» **Dataset excerpt**:
[Start of Attachment]
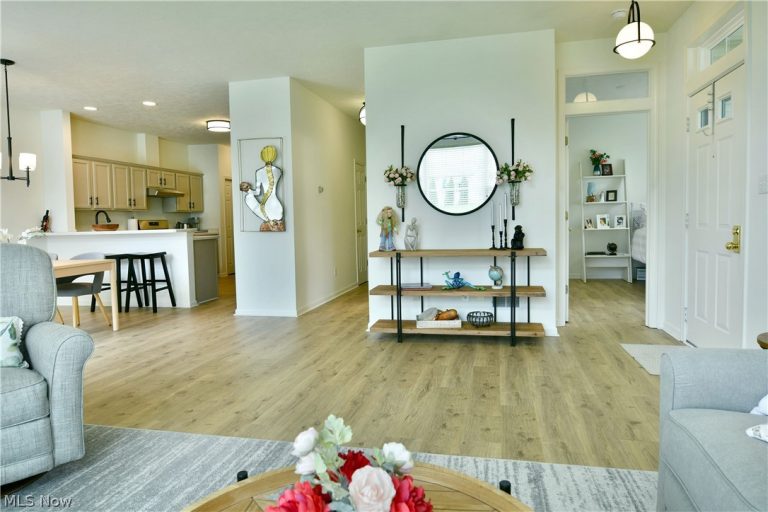 14 Hunters Woods Boulevard #D, Canfield, OH - Photo 3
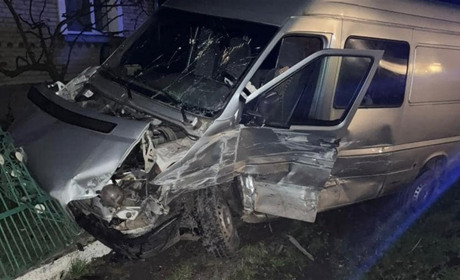 Вечірня аварія у Добрячині – зіткнулися два буси. Водій одного із них перебуває у важкому стані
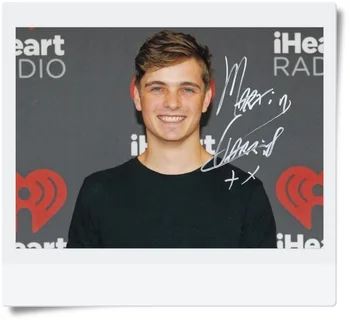 

signed Martin Garrix autographed photo 7 inches freeshipping 072017 02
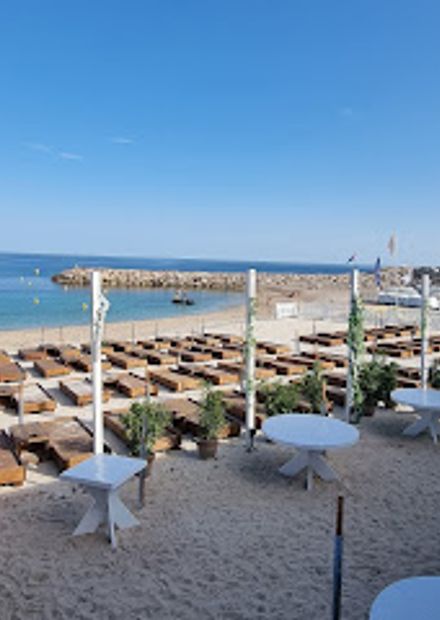 Naos Beach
[End of Attachment]
» **Problem details**: Without the pictures, write out the entire listing exactly.

» **Answer box**:
 14 Hunters Woods Boulevard #D, Canfield, OH - Photo 3
 Вечірня аварія у Добрячині – зіткнулися два буси. Водій одного із них перебуває у важкому стані

signed Martin Garrix autographed photo 7 inches freeshipping 072017 02
 Naos Beach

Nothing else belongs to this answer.